On 3/27/18, 4:00 PM, "Jeff Wartes" wrote:
I have a large 7.2 index with nested documents and many shards.
For each result (parent doc) in a query, I want to gather a
relevance-ranked subset of the child documents. It seemed like the subquery
transformer would be ideal:
https://lucene.apache.org/solr/guide/7_2/transforming-result-documents.html#TransformingResultDocuments-_subquery_
(the [child] transformer allows for a filter, but the results have an
effectively random sort)
So maybe something like this:
q=
fl=id,subquery:[subquery]
subquery.q=
subquery.fq={!cache=false} +{!terms f=_root_ v=$row.id}
This actually works fine, but there’s a lot more work going on than
necessary. Say we have X shards and get N documents back:
Query http requests = 1 top-level query + X distributed shard-requests
Subquery http requests = N rows + N * X distributed shard-requests
So with N=10 results and X=50 shards, that is: 1+50+10+500 = 561 http
requests through the cluster.
Some of that is unavoidable, of course, but it occurs to me that all the
child docs are indexed in the same shard (segment) that the parent doc is.

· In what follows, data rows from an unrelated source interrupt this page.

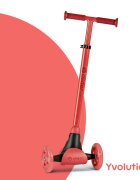 Yvolution Trotineta cu 3 roti Y Glider kiwi red roti Led ghidon reglabil greutate admisa 50 kg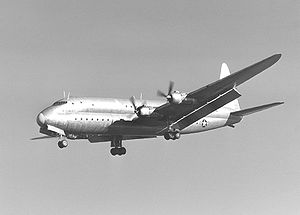 Warbird Picture - The XR6O/XR6V Lockheed Constitution landing at Moffett Field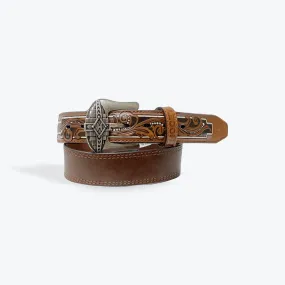 HOOEY Brown Leather Belt w/ Aztec Filigree Embossed HMBLTO NAT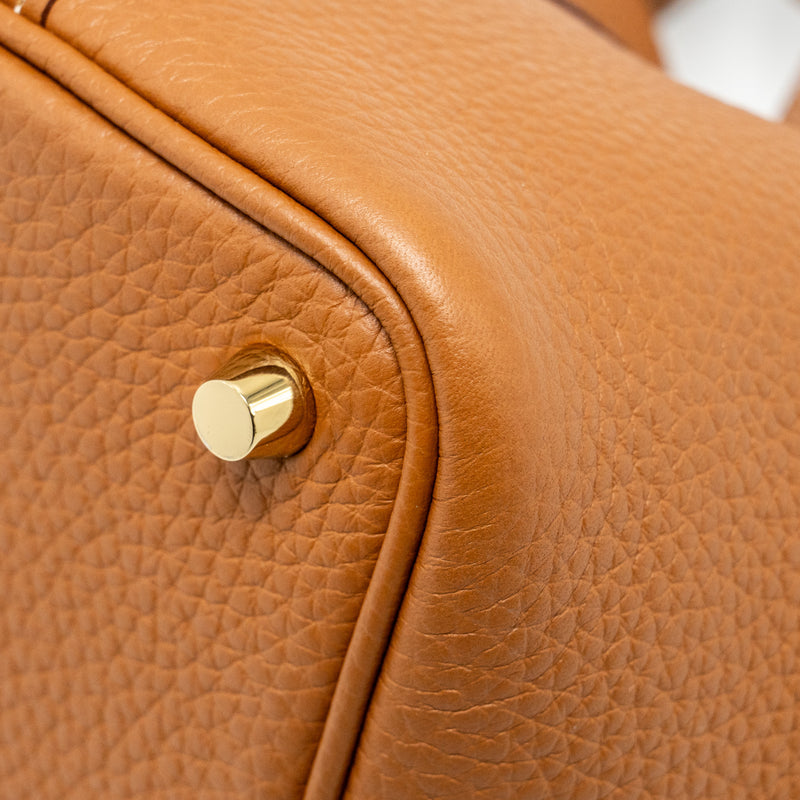 Hermes Picotin 18 Lock Bag Clemence Gold GHW Stamp B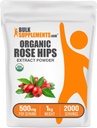 BulkSupplements.com Biologische Rosehip Extract Poeder - Rose HIPS Supplement, Rosehip Powder - Herbal Supplement, Antioxidanten Bron - Glutenvrij, 500mg per portie, 1kg (2,2 lbs) (Pack of 1)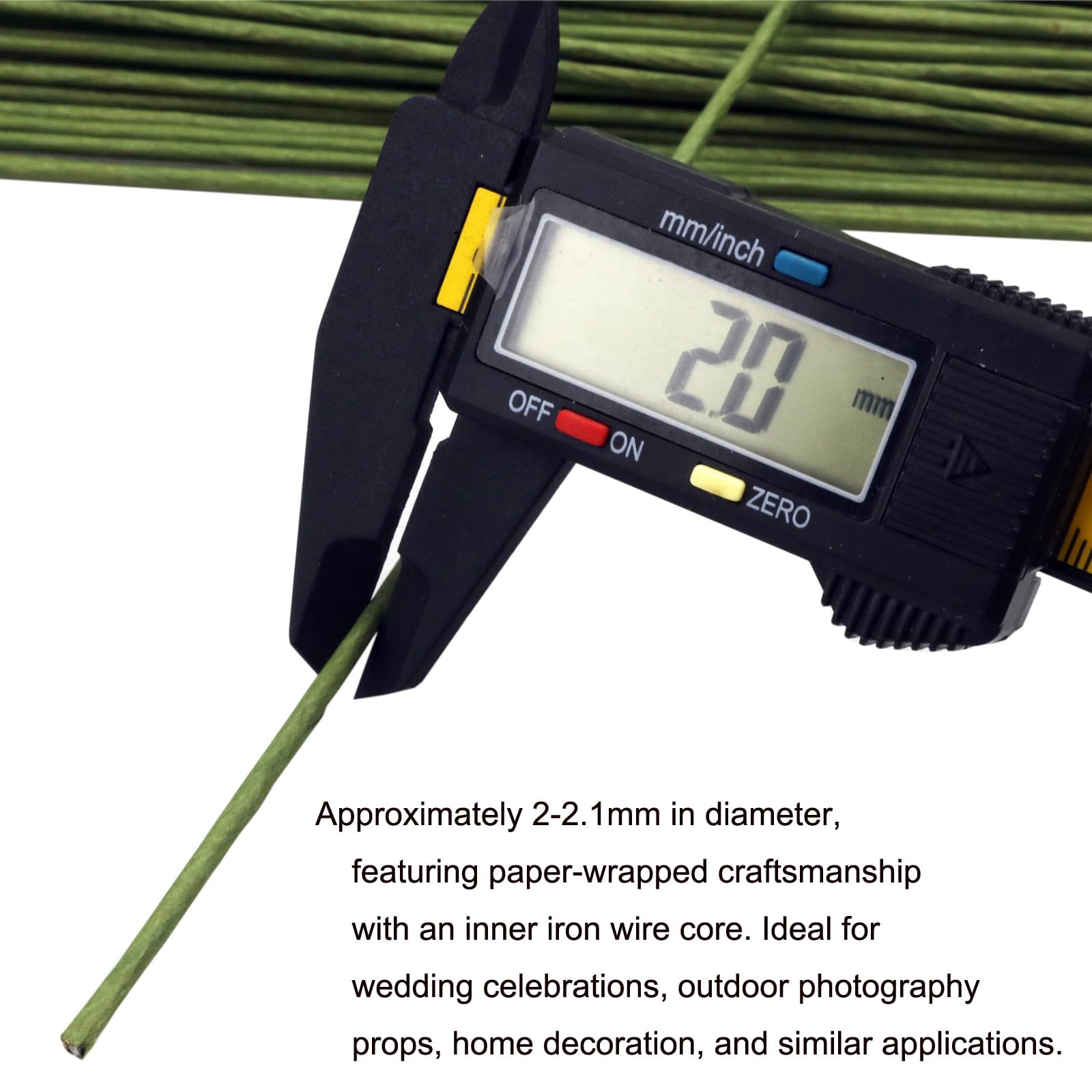 50 unidades de alambre floral de calibre 2, alambre envuelto en papel floral verde de 16 pulgadas/40 cm, tallos de floristería para suministros de arreglos florales, manualidades, ramos, tallos de
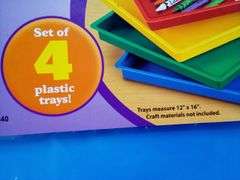Lakeshore Easy-Clean Craft Plastic Trays Set – Asst. Colors 12" x 16" 4 Count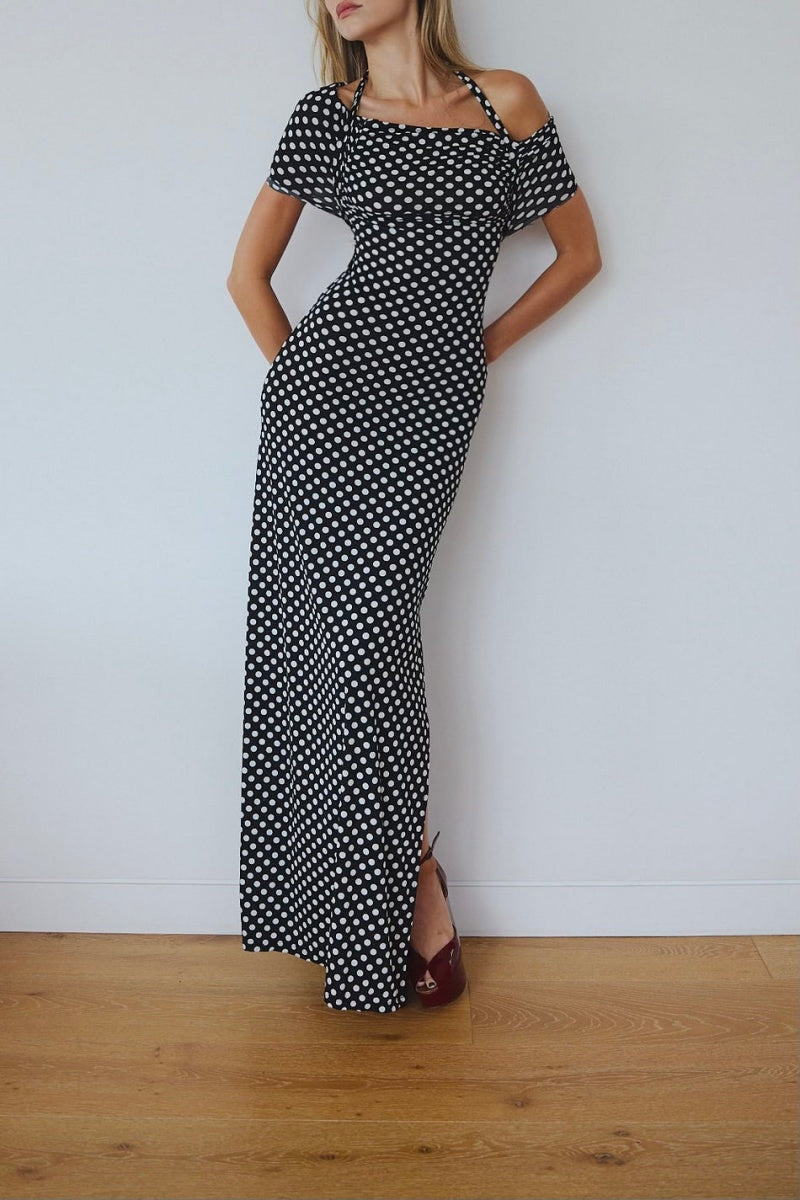 Polka Dot Uzun Elbise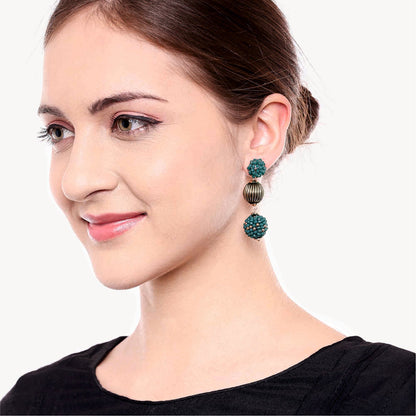 Green Beaded Short Drop Earring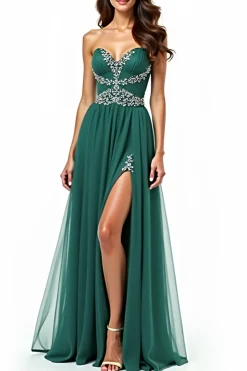 Uma linha verde escuro sem alças Appliqued Long Prom Dress com fenda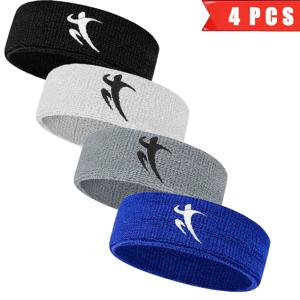 TEMU 4개입 자수 스틱맨 로고 스포츠 헤드밴드 세트, 고탄력 부드럽고 편안한 흡습성, 러닝, 농구, 테니스, 피트니스에 적합
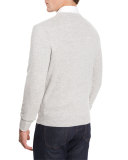 Cashmere V-Neck Sweater, Gray
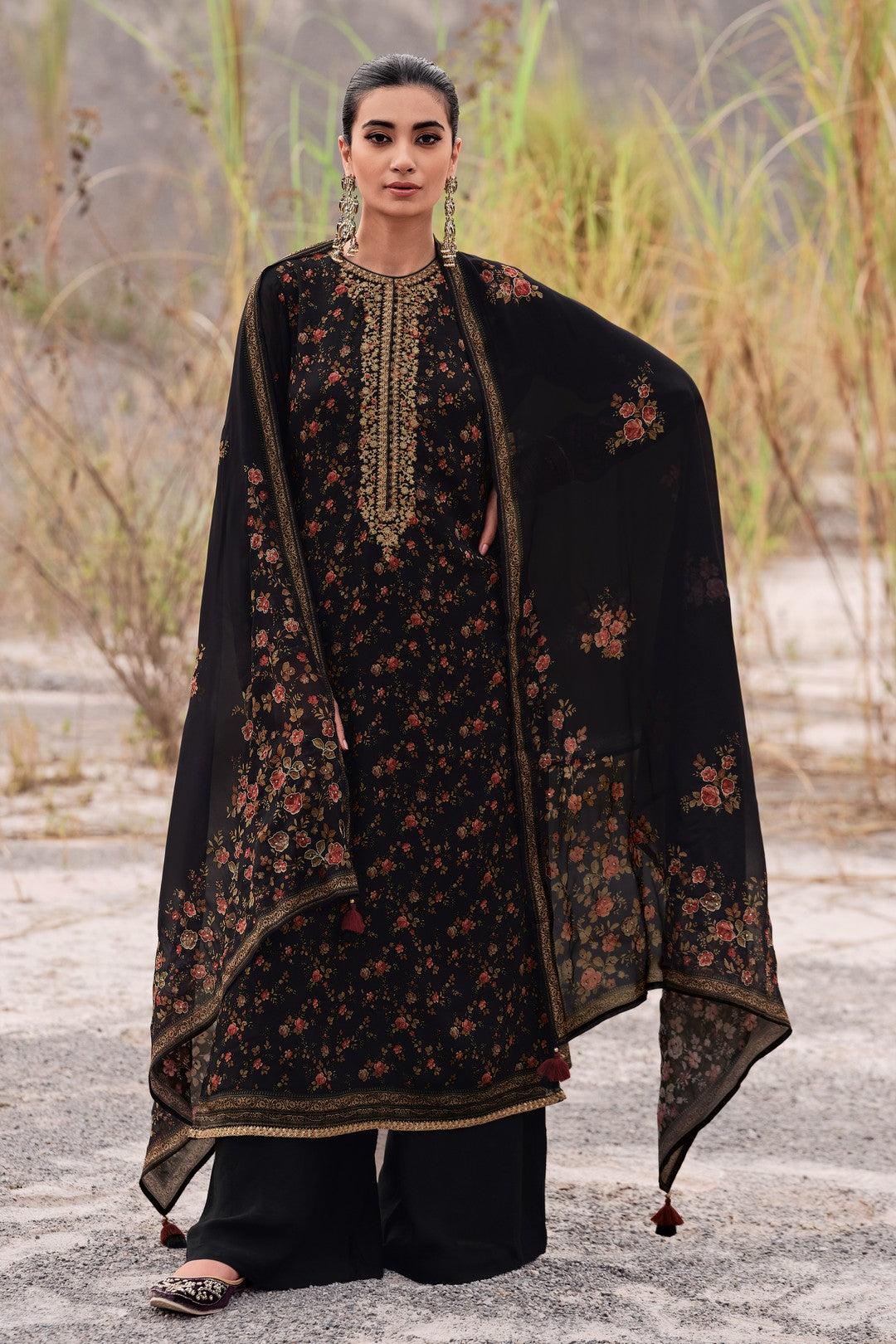 Organza printed kurta set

Meaning that if you know the parent doc id, (and I do) you can use the document
routing to know exactly which shard to send the subquery request to. This would
save 490 of the http requests in the scenario above.
Is there any form of query that allows for explicitly following the
document routing rules for a given document ID?
I’m aware of the “distrib=false” and “shards=foo” parameters, but using
those would require me to recreate the document routing in the client.
There’s also the “fl=[shard]” thing, but that would still require me to
handle the subqueries in the client.